Because the Pacific Plate is subducting under the eastern side of the North Island, there are frequent deep earthquakes east of a line from the Bay of Plenty to Nelson (the approximate edge of the subducted plate), with the earthquakes being deeper to the west, and shallower to the east.

Because the Australian Plate is subducting under the Pacific Plate in Fiordland, there are frequent deep earthquakes near Fiordland, with the earthquakes being deeper to the east and shallower near the west.

There are few deep earthquakes along the Southern Alps, because the two sides largely slide past each other.
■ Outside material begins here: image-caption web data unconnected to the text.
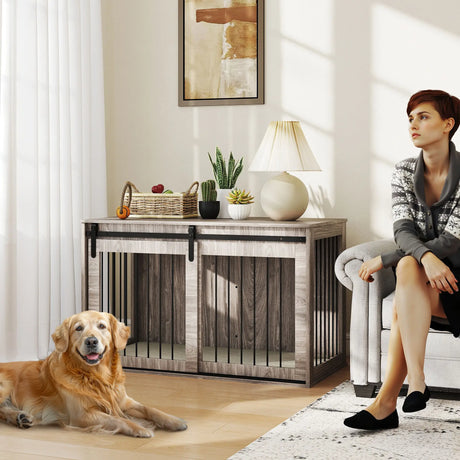 PawHut 46.46'' Dog Crate Furniture with Removable Cushion & Security Latch for Extra Large Dogs - Walnut Brown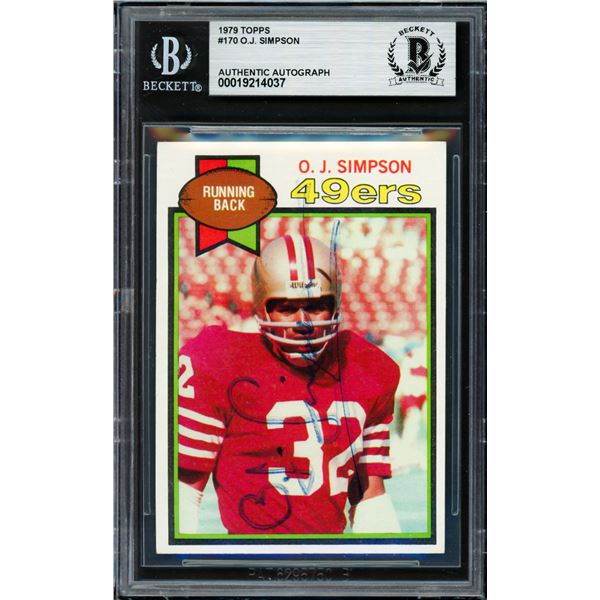 1979 TOPPS OJ SIMPSON SIGNED TRADING CARD - BECKETT COA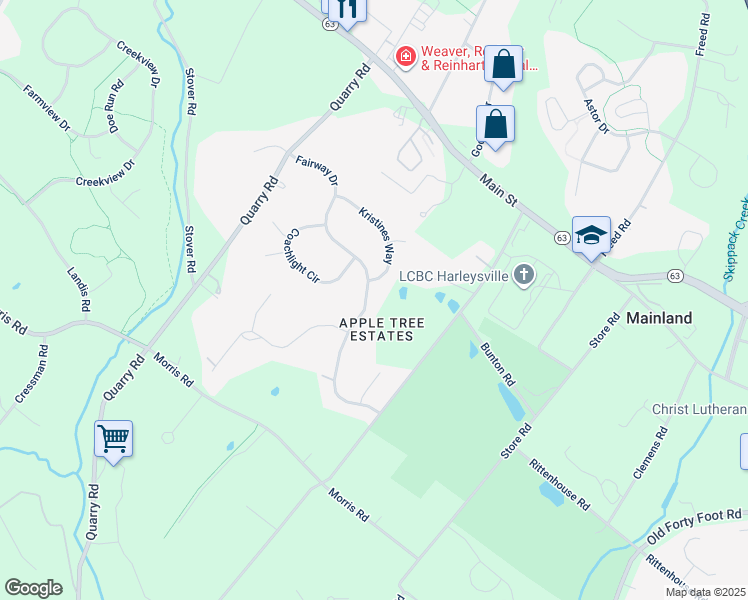 map of restaurants, bars, coffee shops, grocery stores, and more near 149 Fairway Drive in Harleysville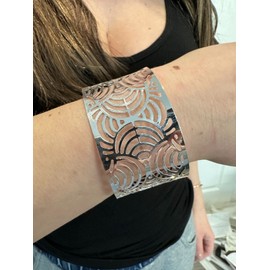 Harlembling Italy Real Solid 925 Sterling Silver 1.5" BIG Designer Cuff Bangle Bracelet 6-8"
Shallow earthquakes are caused by stresses in the top plate. Shallow earthquakes are more widespread, occurring almost everywhere throughout New Zealand (especially the Bay of Plenty, East Cape to Marlborough, and Alpine Fault). However, Northland, Waikato, Canterbury and Otago are very stable.

Geothermal activity
The Taupo Volcanic Zone is well known for its geothermal activity. For example, Rotorua and the surrounding area have many areas with geysers, silica terraces, fumaroles, mudpools, hot springs, etc. Notable geothermal areas include Whakarewarewa, Tikitere, Waimangu, Waiotapu, Craters of the Moon and Orakei Korako. Geothermal energy is used to generate electricity at Wairakei, near Taupo. Hot pools abound throughout New Zealand.

Geological hazards
New Zealand suffers from many natural hazards, including earthquakes, volcanic and hydrothermal eruptions, tsunamis, landslides, and floods.
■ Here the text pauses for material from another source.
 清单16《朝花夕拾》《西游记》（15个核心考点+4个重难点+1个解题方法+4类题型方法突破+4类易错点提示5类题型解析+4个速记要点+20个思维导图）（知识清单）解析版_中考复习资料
The most severe earthquake occurred in a M8.2 earthquake in the Wairarapa, in 1855, and the most deaths (261) in a M7.8 earthquake in Hawkes Bay in 1931. So far New Zealand has been lucky to not have a major earthquake in a large city.

Earthquakes along the East coast of the North Island have the potential to cause tsunami, as do earthquakes in South America.

The most severe eruption since European times is the Tarawera eruption in 1886. However, there are many potentially dangerous volcanoes in the Taupo Volcanic Zone. Even a minor eruption at Ruapehu could cause the loss of electricity for Auckland, due to ash on the power lines, and in the Waikato River (stopping the generation of hydroelectric power).

Much of the North Island is steep, and composed of soft mudstone, that easily generates landslides.

Parts of New Zealand, especially Northland, Coromandel Peninsula, Bay of Plenty, Gisborne, and the Manawatu can have high rainfall that can generate flooding of farmland.
Geological resources
The only area in New Zealand with significant known oil and gas deposits is the Taranaki area, but many other offshore areas have the potential for deposits.

Iron sand is plentiful on the west coast around the coast from Taranaki to Auckland.

Gold has been mined in the Coromandel and Kaimai Ranges (especially the Martha Mine at Waihi), Westland, Central Otago, and Eastern Otago (especially Macraes Mine).

Geothermal energy is used to generate electricity in the Taupo Volcanic Zone.

Coal has been mined in Northland, the Waikato, Taranaki, Nelson and Westland, Canterbury, Otago, and Southland. The West Coast contains some of New Zealand’s best bituminous coal. The largest coal deposits occur in Southland.